##### Records for processing

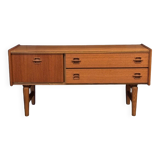 Scandinavian sideboard with 2 drawers, 1960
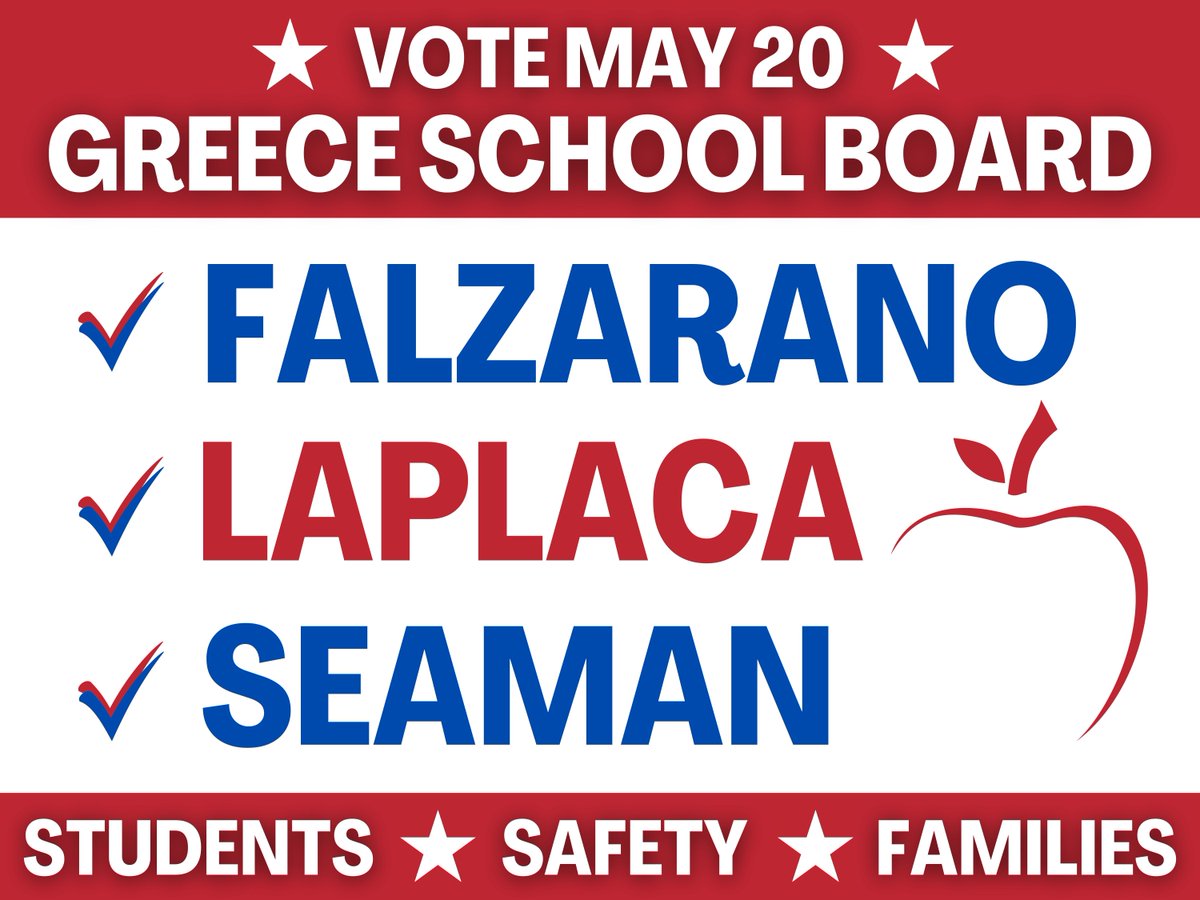 The GTA is proud to endorse Falzarano, Seaman, and LaPlaca for BOE.  Ballot positions 1, 2, and 6!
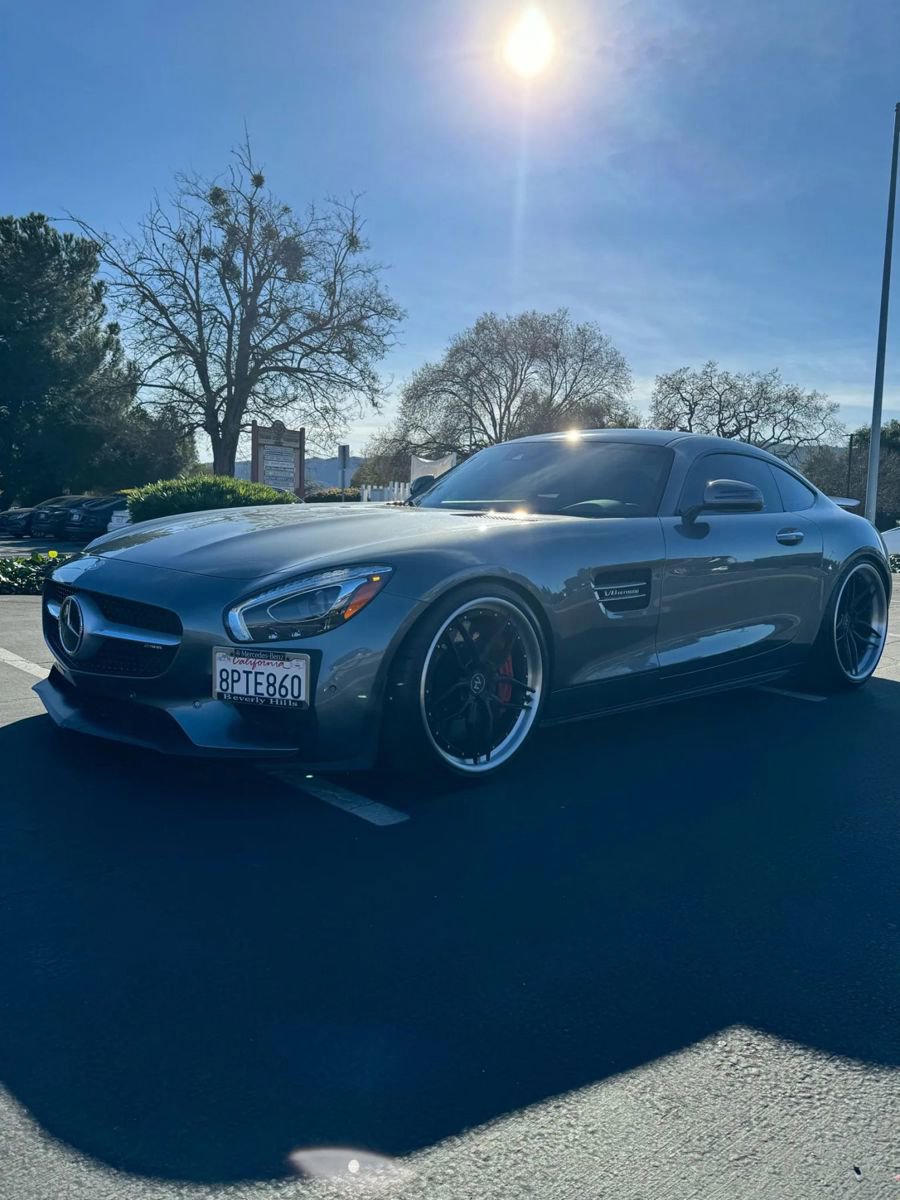 Used 2016 Mercedes-Benz AMG GT S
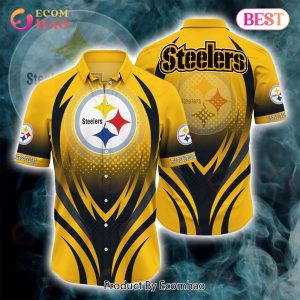 SALE NFL Pittsburgh Steelers Button Down Shirt 3D Print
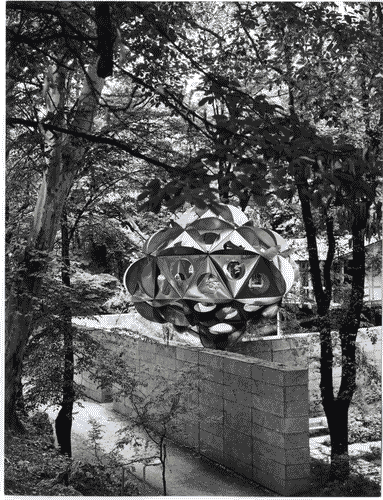 Image for XIII Triennale - Ponte in ferro e parco Sempione - Installazione AconA BconB - Bruno Munari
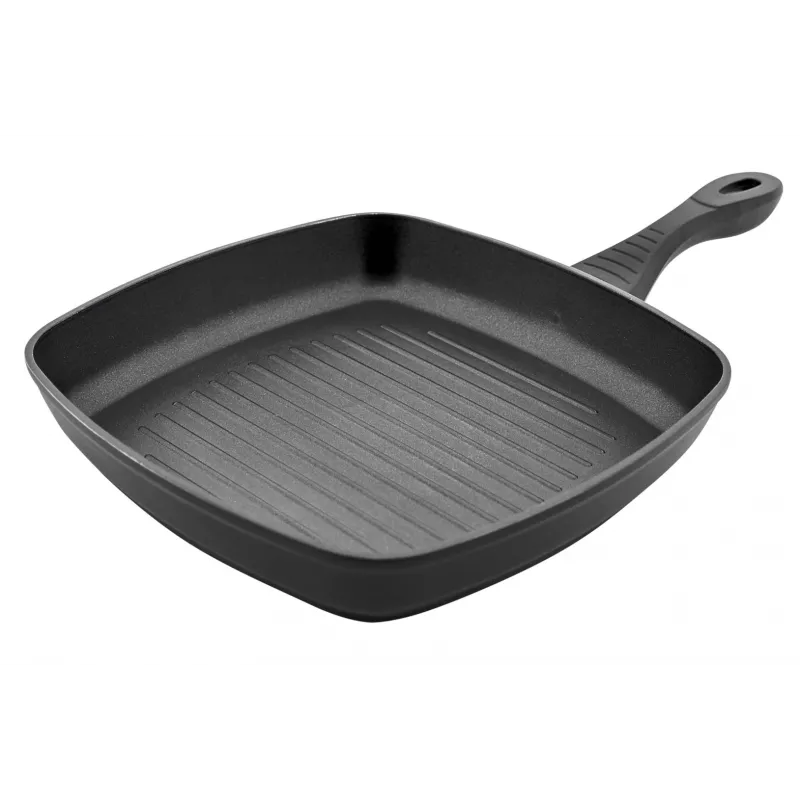 Grill pan JATA G28 Square Black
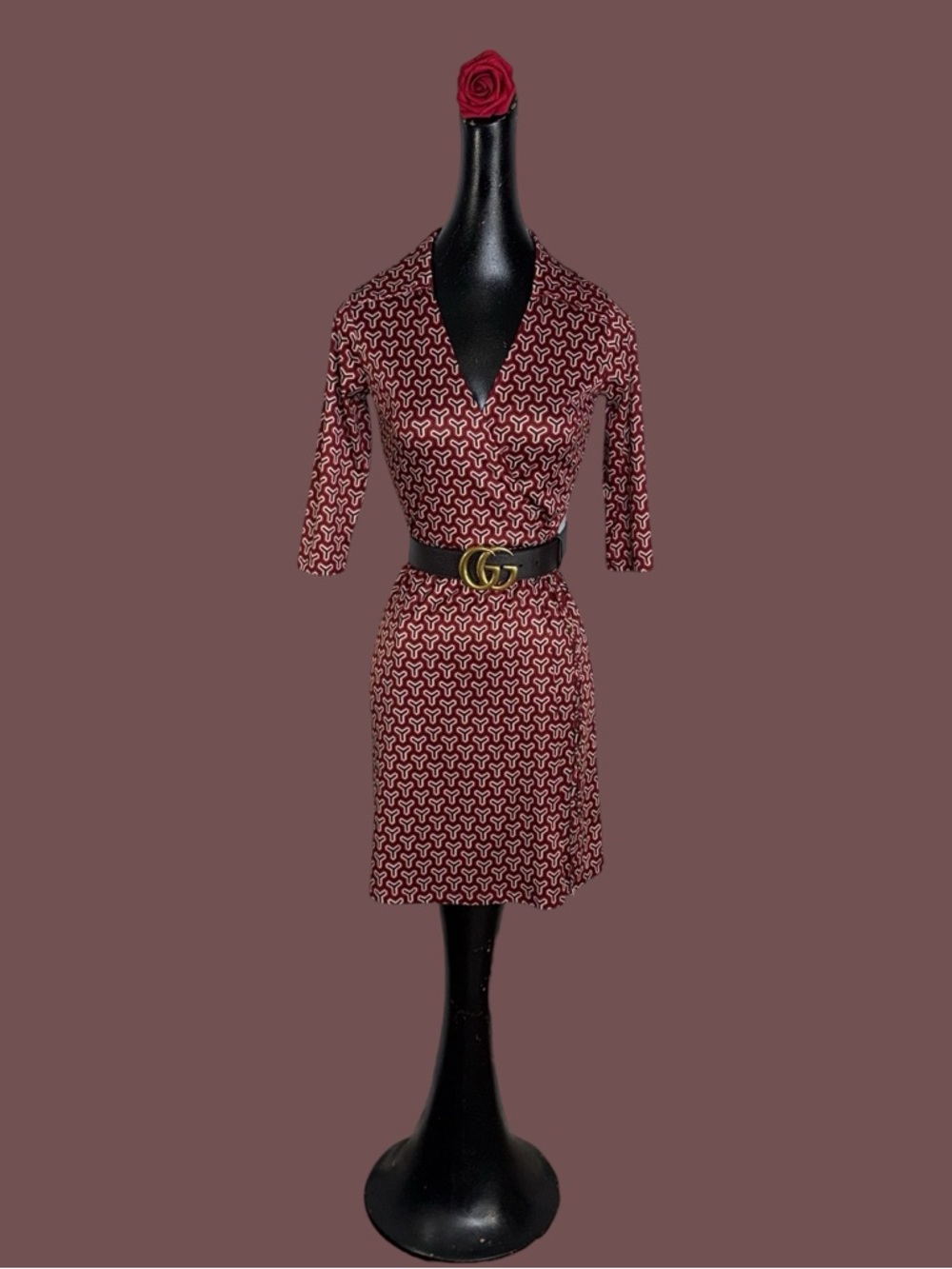Vintage Forever 21 wrap dress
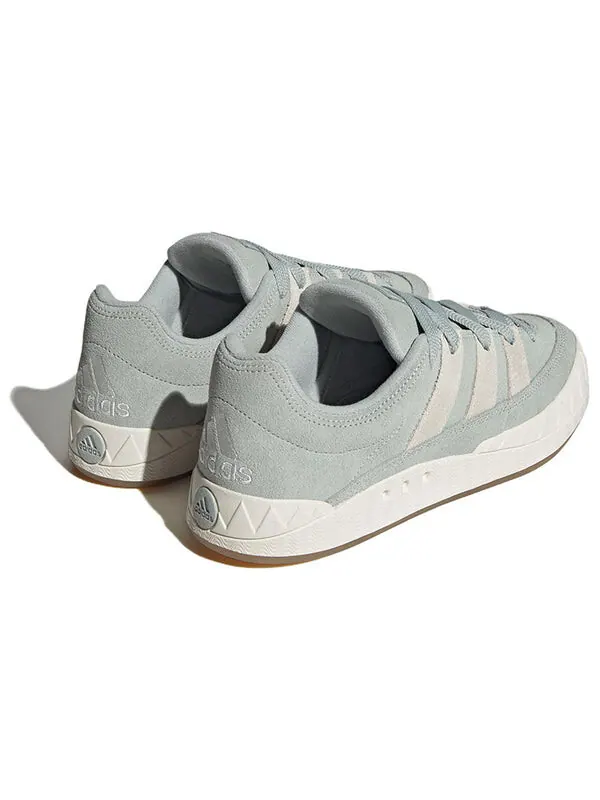 Кроссовки оригиналы adimatic кроссовки Adidas — изображение 4 из 4, серебристый/белый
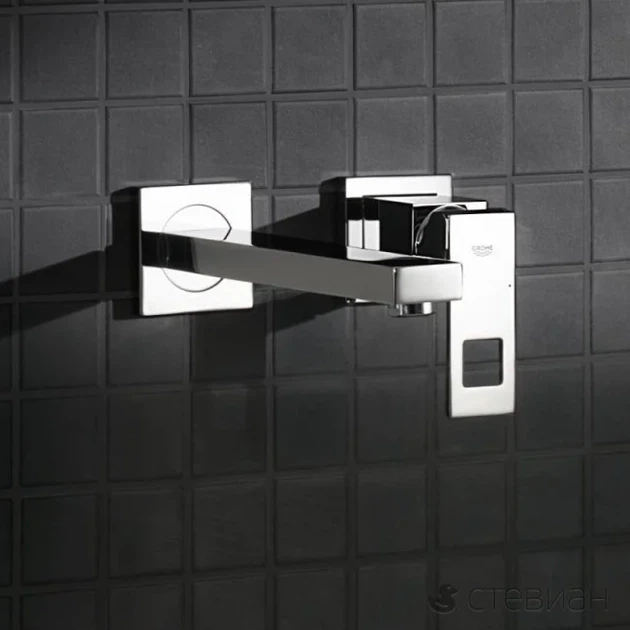 Grohe Eurocube Смеситель для раковины, хром (23447000) - Фото 6 Grohe Eurocube Смеситель для раковины, хром (23447000) - изображение 6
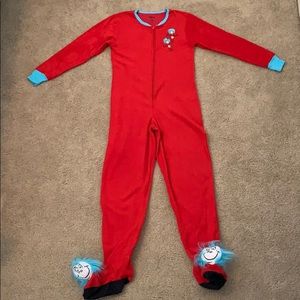 Thing One / Thing Two Onesie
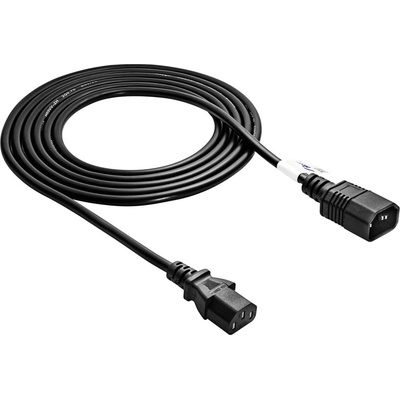 Prodlužovací napájecí kabel C13 / C14 3.0m AK-PC-07A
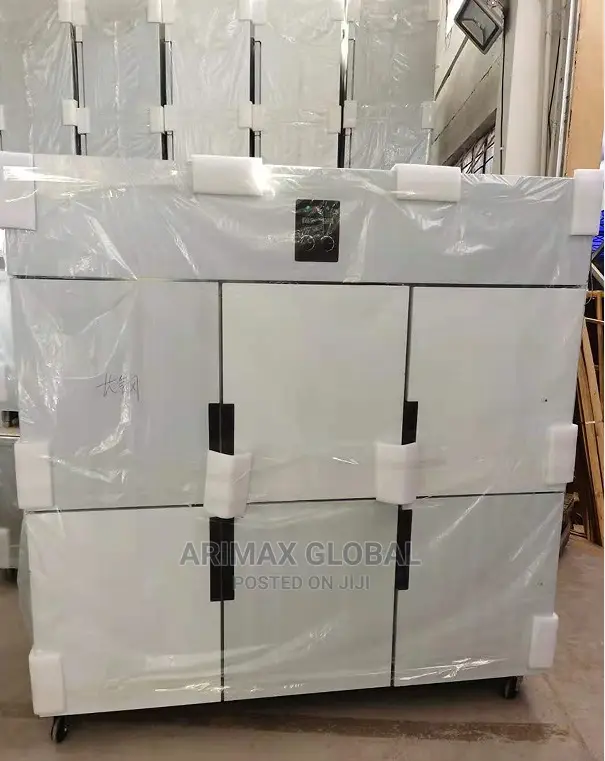 Industrial Kitchen Freezer and Chiller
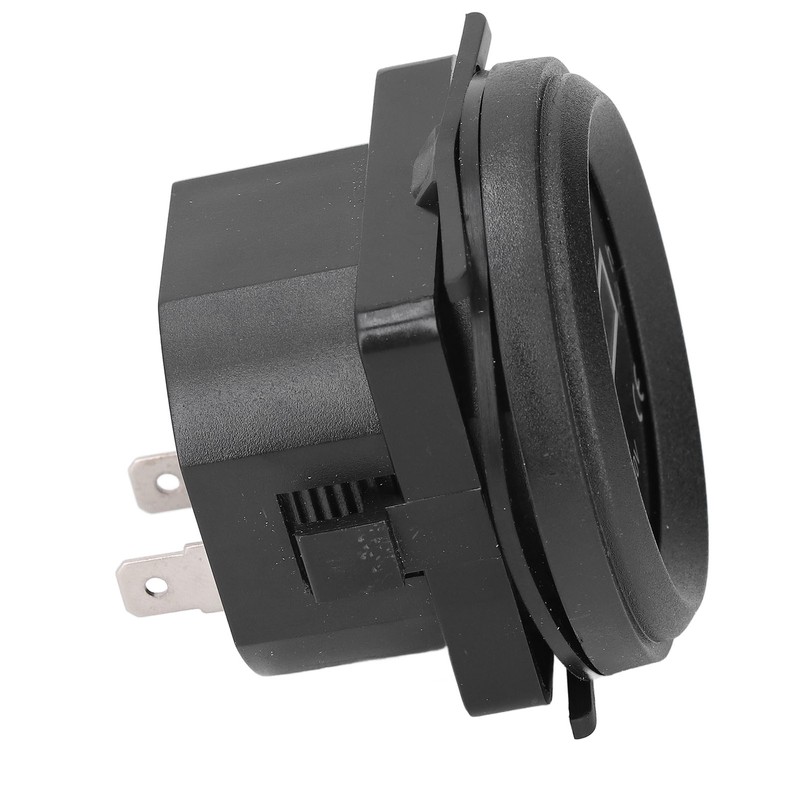 Round Hour Meter PC High Accuracy Quartz Mechanical Hour Meter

##########

**What to do:**
Return word for word the line bearing "Кроссовки оригиналы adimatic" and every later line of the entries, but none of the pictures.

**Answer below:**
 Кроссовки оригиналы adimatic кроссовки Adidas — изображение 4 из 4, серебристый/белый
 Grohe Eurocube Смеситель для раковины, хром (23447000) - Фото 6 Grohe Eurocube Смеситель для раковины, хром (23447000) - изображение 6
 Thing One / Thing Two Onesie
 Prodlužovací napájecí kabel C13 / C14 3.0m AK-PC-07A
 Industrial Kitchen Freezer and Chiller
 Round Hour Meter PC High Accuracy Quartz Mechanical Hour Meter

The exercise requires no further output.